_REQUIRED WORK_
Repeat every entry word for word, skipping the pictures.

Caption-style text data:
##########

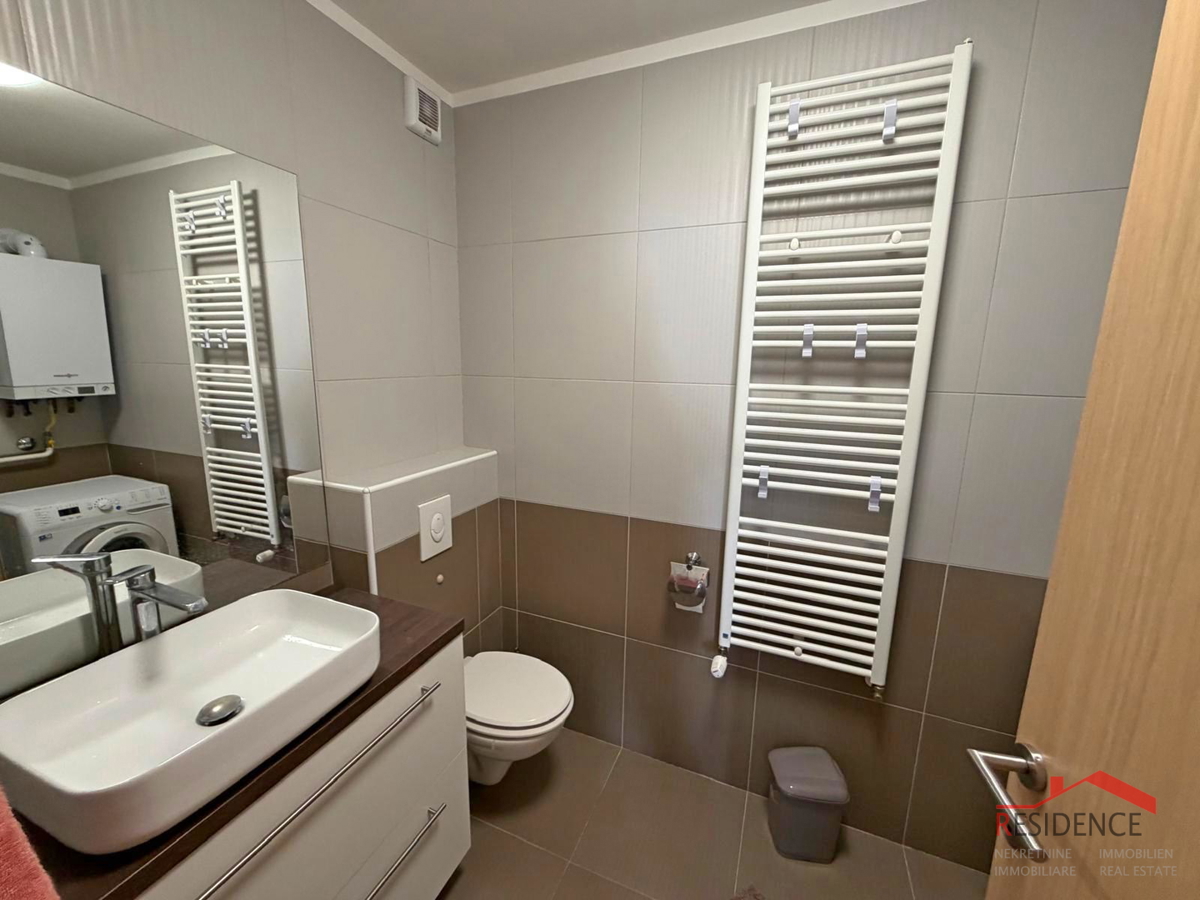 Pula, Nova Veruda, 2 sobno stanovanje, parking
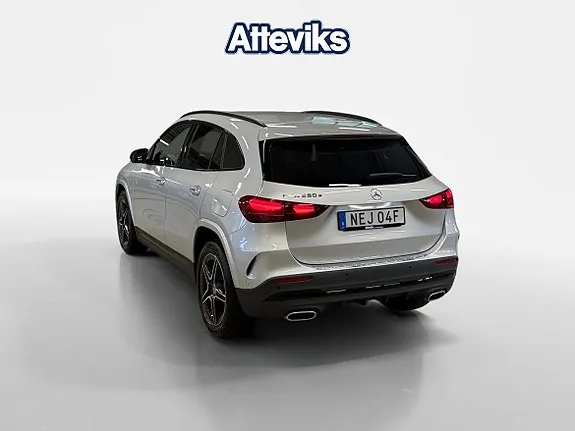 Mercedes-Benz Gla250 2024 photo 5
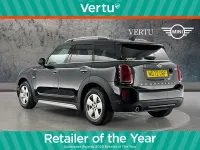 Used Mini Cooper Countryman Classic 134 HP (98 kW) 2022 Black SUV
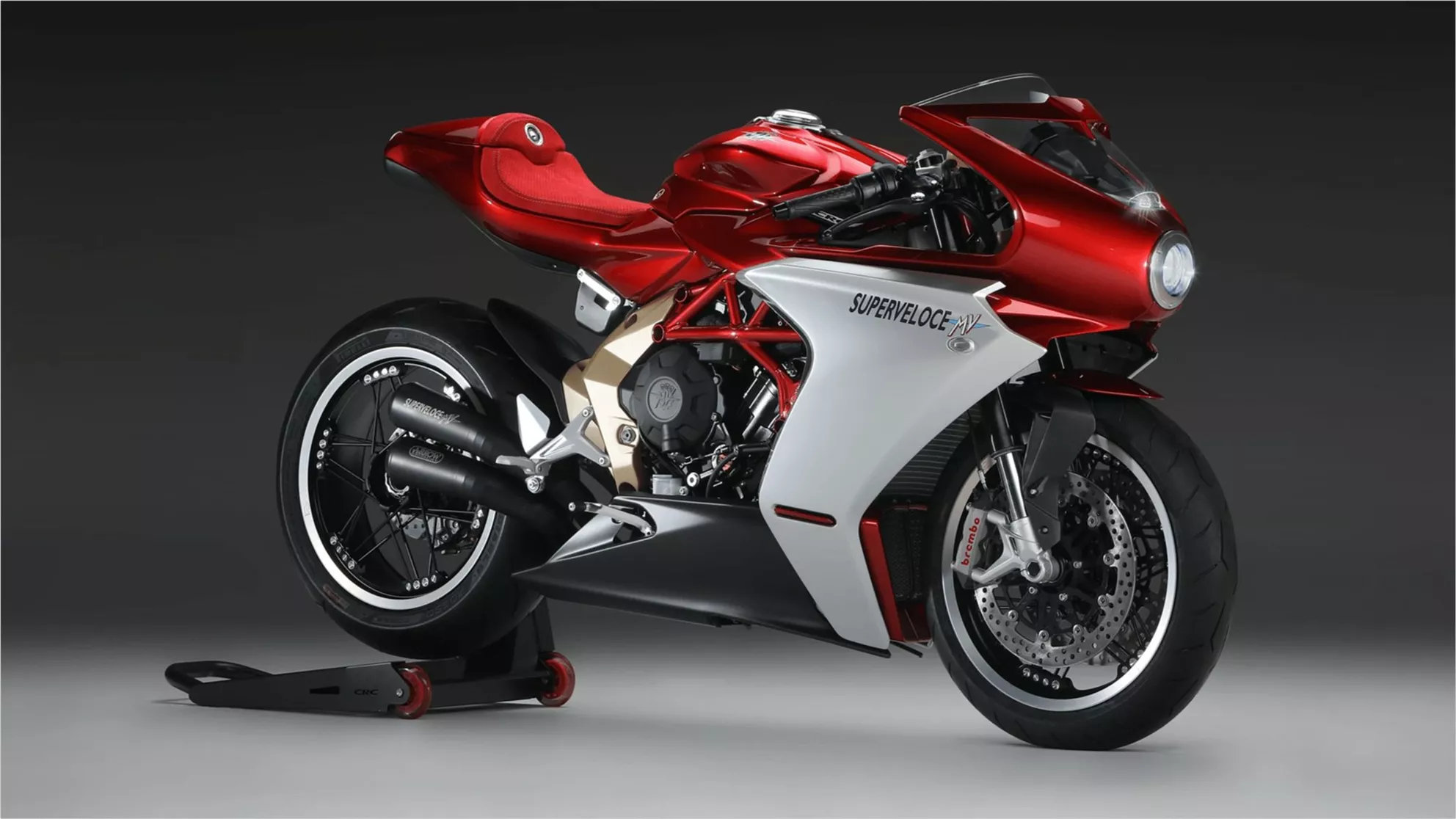 MV Agusta Superveloce 800 Serie Oro - Image 2 MV Agusta Superveloce 800 Serie Oro - Image 2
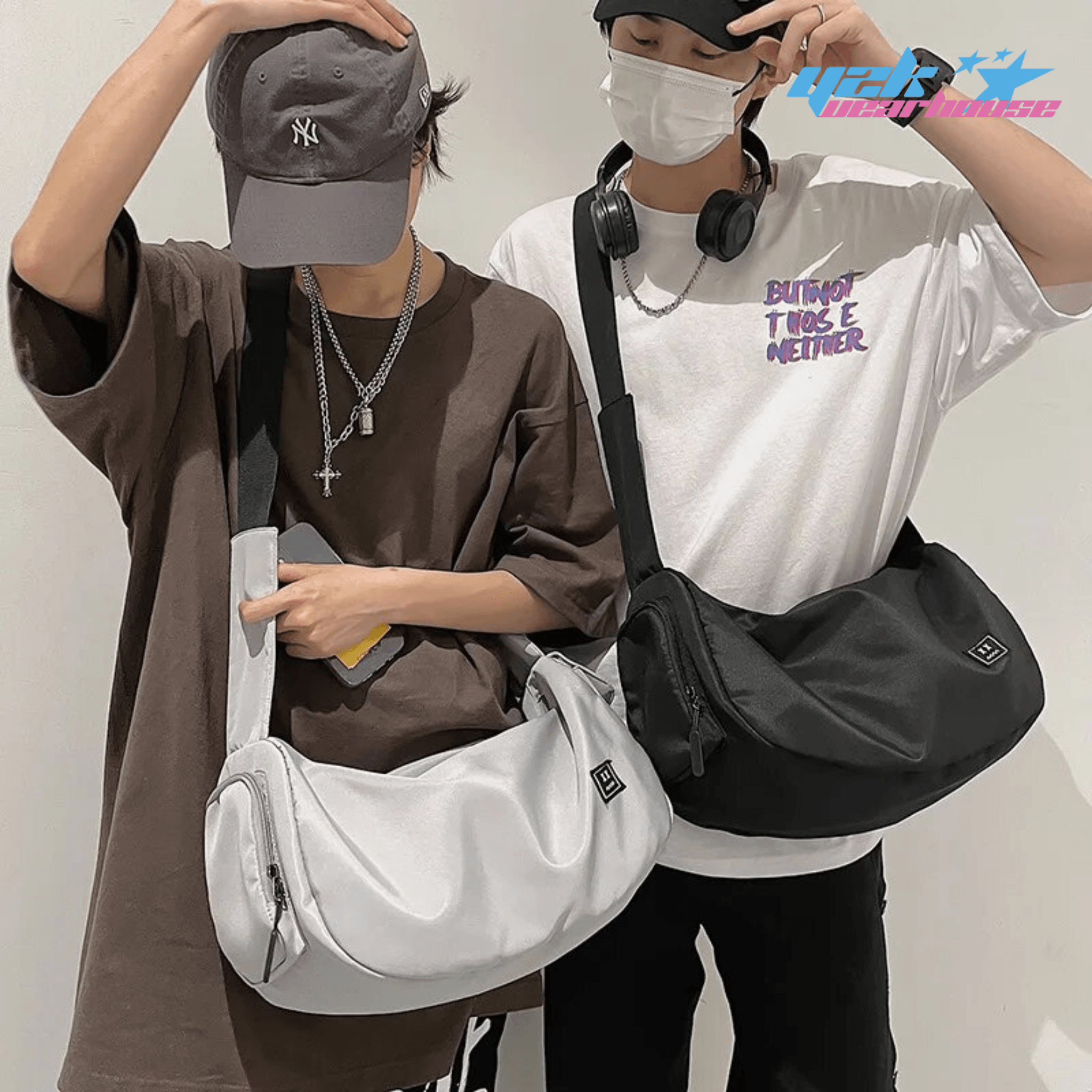 Y2K Shoulder Bag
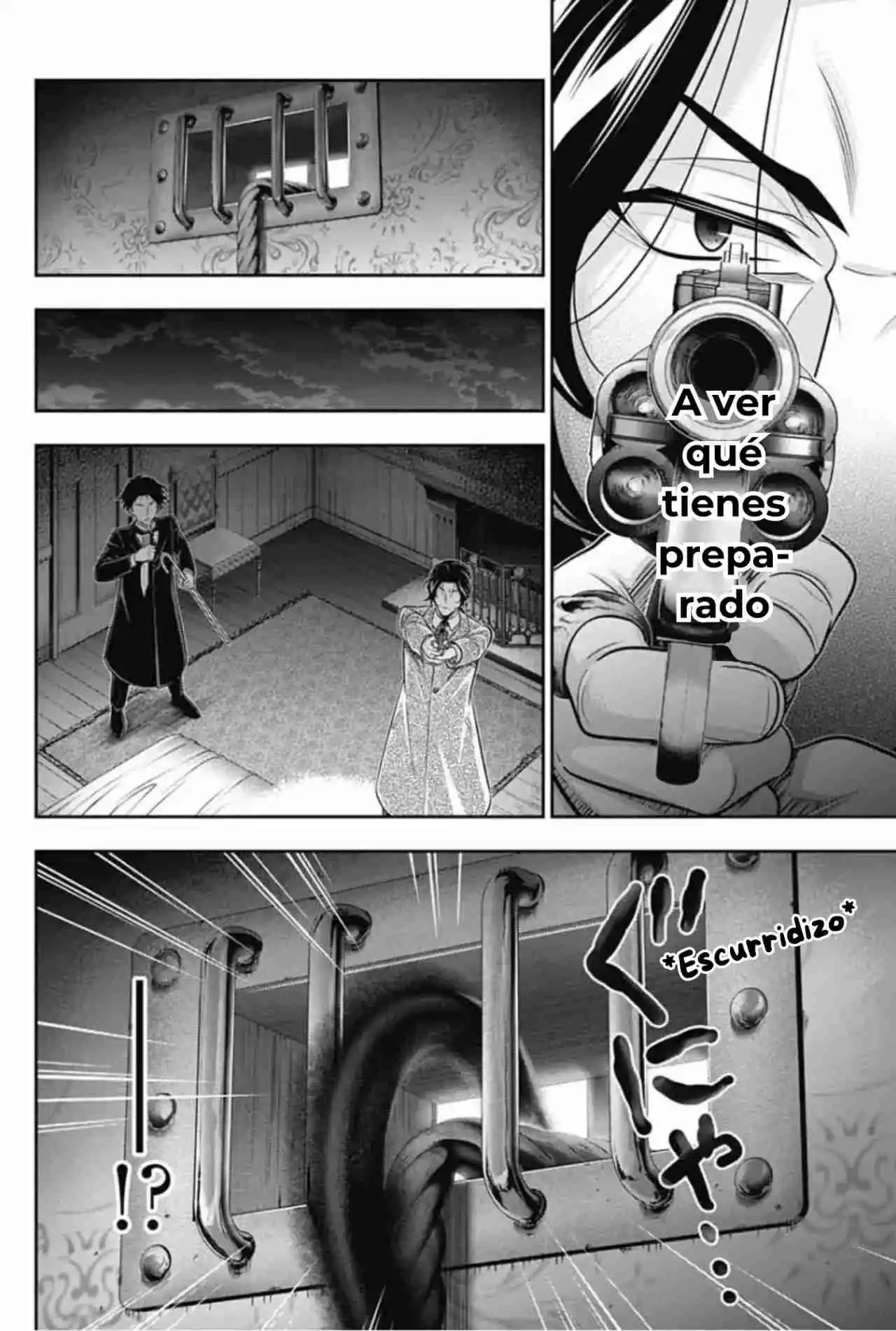 Moriarty El Patriota - Capítulo 84 - Página 13 - LectorTMOo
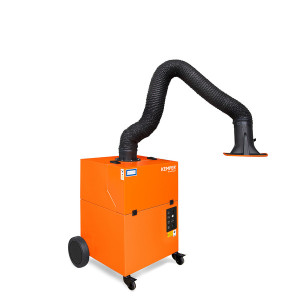 Aspirateur compact de fumée de soudage SmartMaster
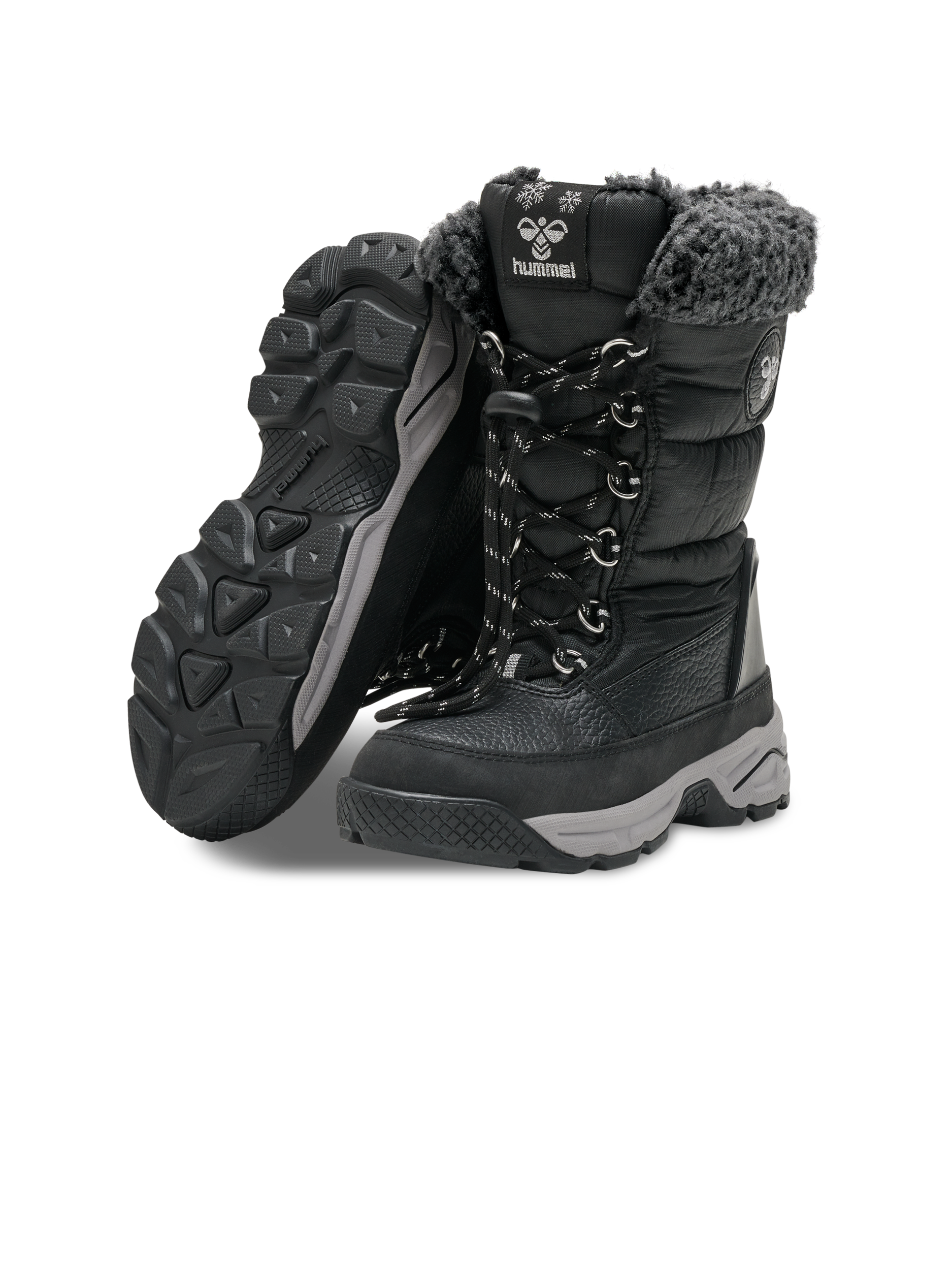 SNOW BOOT HIGH JR, 2001, packshot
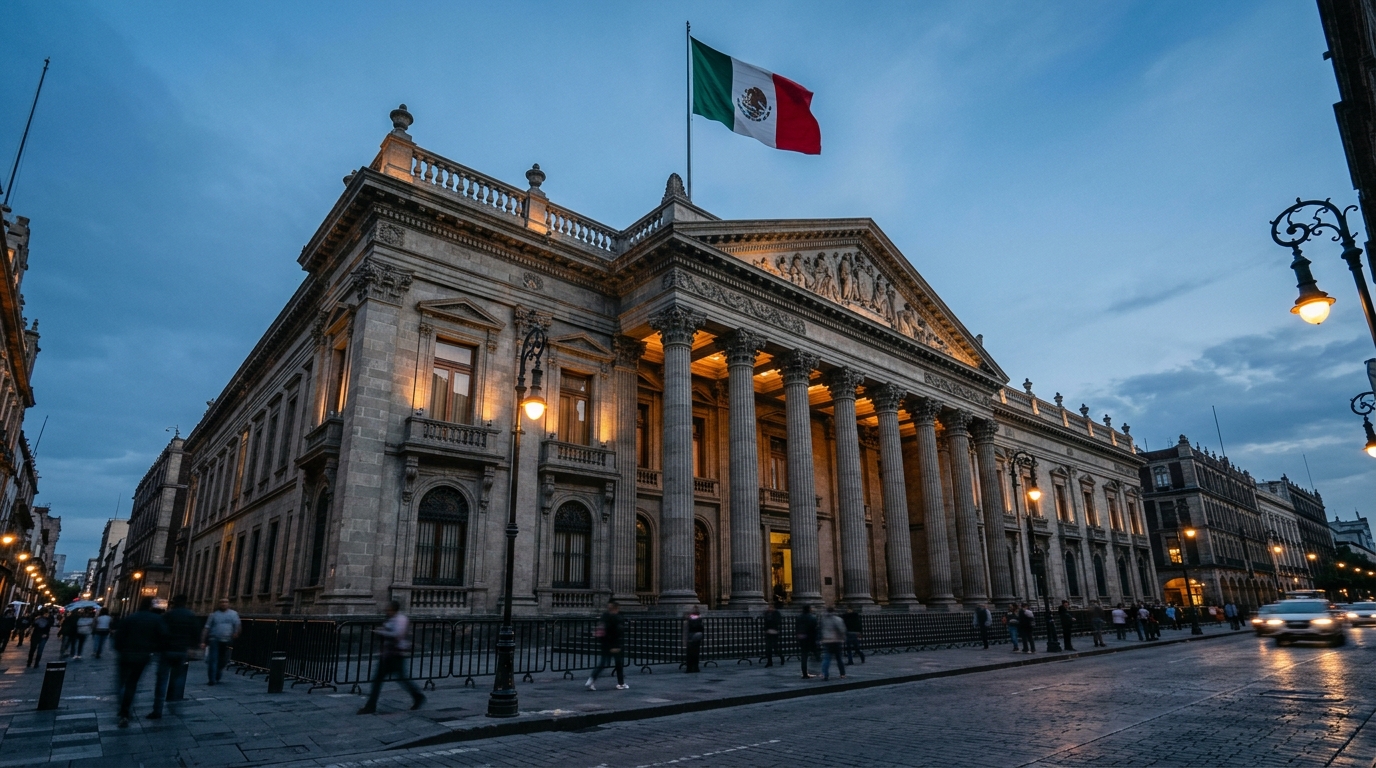 Mexico City Receives the Ley Trasciende Bill After the Country's First March for the Right to Die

##########

_ANSWER BOX_
 Pula, Nova Veruda, 2 sobno stanovanje, parking
 Mercedes-Benz Gla250 2024 photo 5
 Used Mini Cooper Countryman Classic 134 HP (98 kW) 2022 Black SUV
 MV Agusta Superveloce 800 Serie Oro - Image 2 MV Agusta Superveloce 800 Serie Oro - Image 2
 Y2K Shoulder Bag
 Moriarty El Patriota - Capítulo 84 - Página 13 - LectorTMOo
 Aspirateur compact de fumée de soudage SmartMaster
 SNOW BOOT HIGH JR, 2001, packshot
 Mexico City Receives the Ley Trasciende Bill After the Country's First March for the Right to Die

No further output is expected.